Metrics are numeric measurements recorded over time. They give you a bird's-eye view of the overall health and performance of your system.
Example:
cpu_usage_percentage{host="server-1"} 85.5
What it answers:
- "Is there a problem right now?"
- "What is the overall trend?" (e.g., "Our error rate just spiked from 1% to 15%," or "Memory usage is slowly creeping up.")
Characteristics:
- Highly compressible and cheap to store for long periods
- Very fast to query
- Best choice for triggering Alerts and building high-level Dashboards
Grafana Backend: Prometheus or Grafana Mimir
2. Logs — The "Why"
Logs are discrete, timestamped text records of specific events that occurred within your application or system.
Example:
2026-04-08 10:15:02 ERROR [PaymentService] Connection refused to database db-cluster-1
What it answers:
- "Why did this specific problem happen?"
- Once a metric alerts you to a spike in errors, you look at the logs to find the exact error message or stack trace.
Characteristics:
- Contains the deepest, most granular context about a specific event
- Can be expensive to store at high volumes and slower to query than metrics
Grafana Backend: Grafana Loki — designed to be highly efficient by only indexing labels (much like Prometheus), rather than full-text indexing the entire log line.
3. Traces — The "Where"
A trace represents the end-to-end journey of a single user request as it travels through a distributed system (especially microservices). A trace is made up of spans, where each span represents a specific operation or service call.
Example — a waterfall chart:
User Request ████████████████████████ 2.0s
Auth Service ██ 0.1s
Billing Service ██████████████████████ 1.9s
DB Query █████████████████████ 1.8s
What it answers:
- "Where exactly is the bottleneck?"
- "Which specific microservice is causing the request to fail?"
- If a user complains a page is slow, a trace shows you exactly which backend service or database query took the longest.
Characteristics:
- Essential for debugging complex, distributed microservice architectures
- Shows the relationship and timing between different services
Grafana Backend: Grafana Tempo
How They Work Together — The Debugging Workflow
A typical debugging workflow in Grafana seamlessly links all three pillars:
Metrics → Detect: You receive a Slack alert from Prometheus because the latency metric for your API spiked.
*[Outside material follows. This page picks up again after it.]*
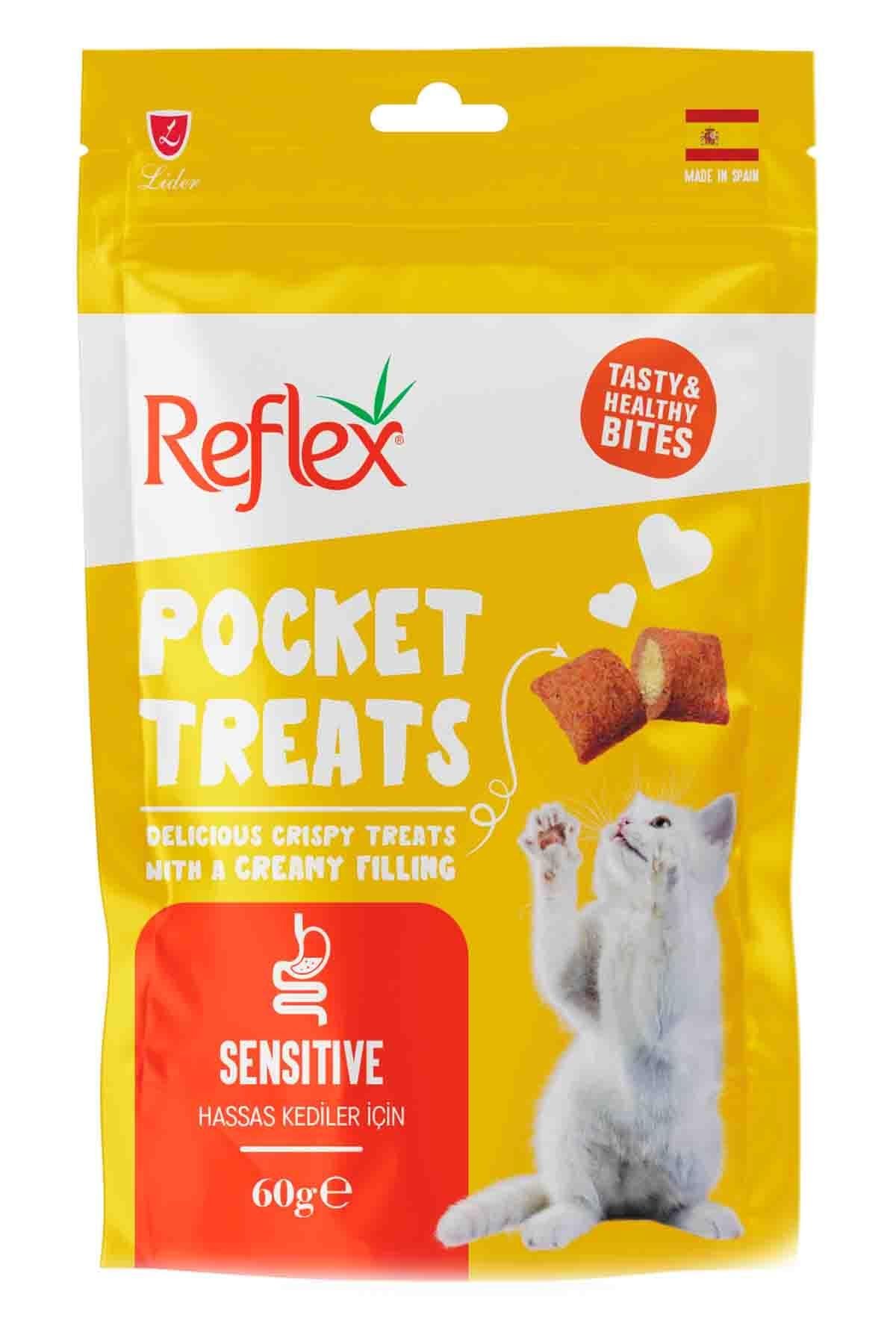 REFLEXReflex Pocket Treats Sensitive Yetişkin Kedi Ödül Maması 60gr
Traces → Isolate: You click the alert, which opens a Grafana dashboard. Using Exemplars (links from metrics to traces), you click on a specific slow request to view its Trace in Tempo. The trace shows you that the
UserDatabaseservice took 5 seconds.Logs → Root Cause: From that specific span in the trace, you click a button to view the Logs in Loki for that exact service, at that exact millisecond. The log reveals:
Query timeout: Index missing on table 'users'
Use Metrics to detect the issue, Traces to isolate where it happened, and Logs to find the root cause.